In the last two weeks at the Metis Data Science Bootcamp we dived into NoSQL databases and natural language processing (week 7), unsupervised learning algorithms (week 7-8), dimensionality reduction, topic modeling and similarity (week 8), while working on an individual project: I choose to apply unsupervised learning techniques for clustering text data.

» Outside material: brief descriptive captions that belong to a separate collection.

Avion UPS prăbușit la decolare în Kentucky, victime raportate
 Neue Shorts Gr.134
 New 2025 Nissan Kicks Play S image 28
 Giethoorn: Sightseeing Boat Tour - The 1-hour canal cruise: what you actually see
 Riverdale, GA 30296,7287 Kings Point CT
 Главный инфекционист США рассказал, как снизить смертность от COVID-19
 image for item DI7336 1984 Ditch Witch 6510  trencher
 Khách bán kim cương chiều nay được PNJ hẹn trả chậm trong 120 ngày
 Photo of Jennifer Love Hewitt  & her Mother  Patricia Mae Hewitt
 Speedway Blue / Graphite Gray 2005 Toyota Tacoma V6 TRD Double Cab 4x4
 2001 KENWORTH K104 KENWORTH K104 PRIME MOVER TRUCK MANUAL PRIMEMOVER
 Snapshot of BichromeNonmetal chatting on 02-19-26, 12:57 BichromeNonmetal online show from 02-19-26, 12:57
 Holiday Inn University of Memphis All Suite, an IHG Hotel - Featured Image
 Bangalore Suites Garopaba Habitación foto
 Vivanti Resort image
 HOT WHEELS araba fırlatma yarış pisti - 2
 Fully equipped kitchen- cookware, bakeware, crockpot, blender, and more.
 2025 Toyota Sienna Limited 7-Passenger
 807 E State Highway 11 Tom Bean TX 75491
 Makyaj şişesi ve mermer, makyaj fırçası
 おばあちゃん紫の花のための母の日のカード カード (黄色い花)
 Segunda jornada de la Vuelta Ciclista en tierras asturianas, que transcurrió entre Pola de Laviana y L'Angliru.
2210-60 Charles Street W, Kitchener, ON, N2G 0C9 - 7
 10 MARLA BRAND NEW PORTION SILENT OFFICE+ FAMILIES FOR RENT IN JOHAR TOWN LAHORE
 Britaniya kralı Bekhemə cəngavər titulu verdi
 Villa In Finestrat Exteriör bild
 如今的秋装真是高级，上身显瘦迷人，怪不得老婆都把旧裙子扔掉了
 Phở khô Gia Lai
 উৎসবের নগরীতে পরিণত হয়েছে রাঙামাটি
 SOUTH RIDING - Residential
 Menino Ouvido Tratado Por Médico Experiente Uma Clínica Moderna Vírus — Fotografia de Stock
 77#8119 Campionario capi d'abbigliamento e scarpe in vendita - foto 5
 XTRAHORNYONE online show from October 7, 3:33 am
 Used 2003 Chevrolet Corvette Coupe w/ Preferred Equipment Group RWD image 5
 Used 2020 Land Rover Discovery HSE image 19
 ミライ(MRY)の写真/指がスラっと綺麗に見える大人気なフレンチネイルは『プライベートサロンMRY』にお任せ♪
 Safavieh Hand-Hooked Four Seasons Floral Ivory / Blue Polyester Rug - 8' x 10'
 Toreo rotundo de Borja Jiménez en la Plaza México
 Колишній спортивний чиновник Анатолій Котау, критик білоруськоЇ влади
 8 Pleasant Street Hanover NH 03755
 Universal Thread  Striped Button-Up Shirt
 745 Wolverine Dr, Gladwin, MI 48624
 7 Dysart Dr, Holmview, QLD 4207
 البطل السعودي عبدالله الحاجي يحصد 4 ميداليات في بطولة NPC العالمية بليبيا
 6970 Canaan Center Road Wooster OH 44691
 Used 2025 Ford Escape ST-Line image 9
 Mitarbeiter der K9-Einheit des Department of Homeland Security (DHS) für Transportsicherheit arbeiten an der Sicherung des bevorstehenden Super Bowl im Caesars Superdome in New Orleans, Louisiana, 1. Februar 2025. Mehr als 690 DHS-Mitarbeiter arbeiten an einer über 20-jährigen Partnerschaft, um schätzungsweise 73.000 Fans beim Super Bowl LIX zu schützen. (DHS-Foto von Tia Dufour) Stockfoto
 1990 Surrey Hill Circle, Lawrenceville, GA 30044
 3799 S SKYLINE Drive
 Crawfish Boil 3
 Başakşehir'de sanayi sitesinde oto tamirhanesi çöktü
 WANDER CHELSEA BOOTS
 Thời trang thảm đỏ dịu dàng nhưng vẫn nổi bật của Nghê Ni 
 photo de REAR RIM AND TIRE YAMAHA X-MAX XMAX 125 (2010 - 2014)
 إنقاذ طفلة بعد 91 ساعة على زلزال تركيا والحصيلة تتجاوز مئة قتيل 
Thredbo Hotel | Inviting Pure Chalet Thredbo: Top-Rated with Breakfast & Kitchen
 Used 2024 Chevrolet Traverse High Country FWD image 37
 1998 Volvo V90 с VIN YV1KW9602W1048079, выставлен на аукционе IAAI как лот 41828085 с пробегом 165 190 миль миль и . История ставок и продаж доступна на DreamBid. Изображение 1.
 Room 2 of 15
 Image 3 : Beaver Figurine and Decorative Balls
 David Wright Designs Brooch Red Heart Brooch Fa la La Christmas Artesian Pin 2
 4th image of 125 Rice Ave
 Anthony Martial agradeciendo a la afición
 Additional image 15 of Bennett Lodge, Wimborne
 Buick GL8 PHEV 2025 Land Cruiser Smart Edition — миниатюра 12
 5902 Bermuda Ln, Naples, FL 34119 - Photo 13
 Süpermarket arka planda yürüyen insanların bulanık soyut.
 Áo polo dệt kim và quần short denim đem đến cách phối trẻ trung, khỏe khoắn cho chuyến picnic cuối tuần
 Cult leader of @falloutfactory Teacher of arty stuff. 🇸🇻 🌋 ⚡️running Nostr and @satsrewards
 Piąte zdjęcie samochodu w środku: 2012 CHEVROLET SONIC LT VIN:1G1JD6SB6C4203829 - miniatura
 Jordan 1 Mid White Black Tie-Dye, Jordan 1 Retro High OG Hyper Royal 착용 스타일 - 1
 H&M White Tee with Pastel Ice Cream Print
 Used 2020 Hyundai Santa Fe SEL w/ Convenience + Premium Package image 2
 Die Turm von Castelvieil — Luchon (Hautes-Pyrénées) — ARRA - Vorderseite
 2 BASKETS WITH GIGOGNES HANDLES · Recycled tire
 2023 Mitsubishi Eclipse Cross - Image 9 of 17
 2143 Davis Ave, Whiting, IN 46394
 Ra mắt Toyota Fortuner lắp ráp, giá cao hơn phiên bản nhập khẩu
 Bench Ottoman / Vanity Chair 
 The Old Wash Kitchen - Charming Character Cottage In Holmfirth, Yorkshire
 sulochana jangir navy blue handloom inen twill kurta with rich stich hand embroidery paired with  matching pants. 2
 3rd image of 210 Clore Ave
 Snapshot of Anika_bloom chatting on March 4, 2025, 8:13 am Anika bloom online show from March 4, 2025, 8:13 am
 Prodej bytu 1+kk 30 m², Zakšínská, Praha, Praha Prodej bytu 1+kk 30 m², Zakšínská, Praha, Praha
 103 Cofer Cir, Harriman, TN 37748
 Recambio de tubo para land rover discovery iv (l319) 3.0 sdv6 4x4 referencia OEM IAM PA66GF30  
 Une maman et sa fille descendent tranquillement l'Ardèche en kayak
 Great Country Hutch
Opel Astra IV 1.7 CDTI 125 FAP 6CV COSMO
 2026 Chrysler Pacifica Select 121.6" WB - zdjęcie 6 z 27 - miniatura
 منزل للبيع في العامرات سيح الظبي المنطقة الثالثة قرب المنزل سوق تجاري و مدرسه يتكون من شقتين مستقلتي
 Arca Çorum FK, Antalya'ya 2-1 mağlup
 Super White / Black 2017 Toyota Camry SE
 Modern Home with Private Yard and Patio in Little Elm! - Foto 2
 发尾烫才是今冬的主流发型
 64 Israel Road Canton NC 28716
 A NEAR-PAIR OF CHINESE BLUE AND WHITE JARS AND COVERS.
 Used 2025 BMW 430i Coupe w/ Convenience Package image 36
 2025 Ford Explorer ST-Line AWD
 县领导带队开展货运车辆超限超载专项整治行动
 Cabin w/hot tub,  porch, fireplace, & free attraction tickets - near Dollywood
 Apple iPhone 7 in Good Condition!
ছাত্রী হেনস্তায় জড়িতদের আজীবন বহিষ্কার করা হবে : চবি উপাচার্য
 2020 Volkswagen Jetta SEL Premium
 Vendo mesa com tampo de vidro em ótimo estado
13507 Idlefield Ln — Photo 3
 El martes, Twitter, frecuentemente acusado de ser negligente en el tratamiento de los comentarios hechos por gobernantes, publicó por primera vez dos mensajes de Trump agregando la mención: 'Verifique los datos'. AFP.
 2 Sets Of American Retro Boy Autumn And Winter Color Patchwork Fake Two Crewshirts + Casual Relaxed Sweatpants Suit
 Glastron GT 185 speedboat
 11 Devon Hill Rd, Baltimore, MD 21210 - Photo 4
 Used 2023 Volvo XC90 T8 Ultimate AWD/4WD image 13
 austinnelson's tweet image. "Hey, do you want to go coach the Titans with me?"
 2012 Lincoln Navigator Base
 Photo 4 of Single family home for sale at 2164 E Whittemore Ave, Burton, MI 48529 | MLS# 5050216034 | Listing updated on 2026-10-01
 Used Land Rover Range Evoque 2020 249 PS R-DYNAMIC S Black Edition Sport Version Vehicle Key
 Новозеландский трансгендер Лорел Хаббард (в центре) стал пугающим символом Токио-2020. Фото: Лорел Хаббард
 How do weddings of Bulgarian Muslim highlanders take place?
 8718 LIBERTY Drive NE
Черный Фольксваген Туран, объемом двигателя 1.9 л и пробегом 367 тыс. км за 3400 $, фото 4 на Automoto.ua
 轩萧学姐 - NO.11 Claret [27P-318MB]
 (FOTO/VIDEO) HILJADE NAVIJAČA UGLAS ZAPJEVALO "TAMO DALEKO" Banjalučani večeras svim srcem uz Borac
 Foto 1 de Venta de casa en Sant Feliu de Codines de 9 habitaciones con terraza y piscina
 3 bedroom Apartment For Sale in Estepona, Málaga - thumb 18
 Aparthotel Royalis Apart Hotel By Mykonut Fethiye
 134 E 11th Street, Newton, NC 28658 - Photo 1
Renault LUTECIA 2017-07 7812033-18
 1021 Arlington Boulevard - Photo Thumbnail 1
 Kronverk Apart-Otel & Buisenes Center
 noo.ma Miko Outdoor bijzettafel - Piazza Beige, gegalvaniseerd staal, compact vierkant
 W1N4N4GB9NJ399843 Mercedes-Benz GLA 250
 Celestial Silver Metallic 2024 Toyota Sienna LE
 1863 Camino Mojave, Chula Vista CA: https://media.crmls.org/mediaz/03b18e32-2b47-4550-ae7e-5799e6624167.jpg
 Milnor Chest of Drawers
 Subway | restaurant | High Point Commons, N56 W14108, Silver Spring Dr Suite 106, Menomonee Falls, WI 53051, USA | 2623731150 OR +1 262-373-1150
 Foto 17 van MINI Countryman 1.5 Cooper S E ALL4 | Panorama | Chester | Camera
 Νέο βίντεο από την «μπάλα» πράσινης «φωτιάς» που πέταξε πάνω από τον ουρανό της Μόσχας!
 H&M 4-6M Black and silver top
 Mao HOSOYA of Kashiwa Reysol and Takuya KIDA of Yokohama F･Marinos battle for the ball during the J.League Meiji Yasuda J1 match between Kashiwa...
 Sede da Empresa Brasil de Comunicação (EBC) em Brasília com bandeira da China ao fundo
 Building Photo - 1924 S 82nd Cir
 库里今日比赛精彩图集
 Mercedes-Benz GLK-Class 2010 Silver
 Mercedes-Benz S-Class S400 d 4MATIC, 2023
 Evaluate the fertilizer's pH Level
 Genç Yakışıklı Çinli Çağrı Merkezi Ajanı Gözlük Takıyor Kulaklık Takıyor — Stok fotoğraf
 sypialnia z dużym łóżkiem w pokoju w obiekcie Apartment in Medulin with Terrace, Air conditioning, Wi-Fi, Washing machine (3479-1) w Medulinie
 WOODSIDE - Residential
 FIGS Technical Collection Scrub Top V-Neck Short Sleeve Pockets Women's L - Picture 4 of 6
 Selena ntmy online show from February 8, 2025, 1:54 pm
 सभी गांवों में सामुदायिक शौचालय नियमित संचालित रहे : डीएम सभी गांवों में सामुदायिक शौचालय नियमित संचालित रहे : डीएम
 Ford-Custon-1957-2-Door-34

Firstly, I used the Pearson Kitchen Manager API for clustering almost 500 worldwide recipes basing on their ingredients. After applying several algorithms, I extracted the top keywords for some of the clusters and printed them in word clouds:
Secondly, I switched to the Yummly API for clustering ingredients on 17,000 Italian recipes from 1,000 blogs and kitchen websites. This time, the basic idea underneath ingredients clustering was to extract a bunch of not-too-rare and not-too-common ingredients, so I selected 71 ingredients with the help of a variance threshold. Then I built a relationship matrix between these ingredients using different scoring methods (jaccard similarity, joint probability score, etc). After trying some combinations of clustering algorithms and input matrices, I put one of the results in this d3 visualization:
As we should expect, items like (yeast, flour, milk) or (mozzarella, tomato sauce, pizza doughs) are grouped together, and the clusters themselves can help while compiling a shopping list.
At the end, I learned that tuning a clustering algorithm is more an art than a science: you need to explore not conventional approaches and combine different techniques basing on your intuition and the specific question you are trying to answer.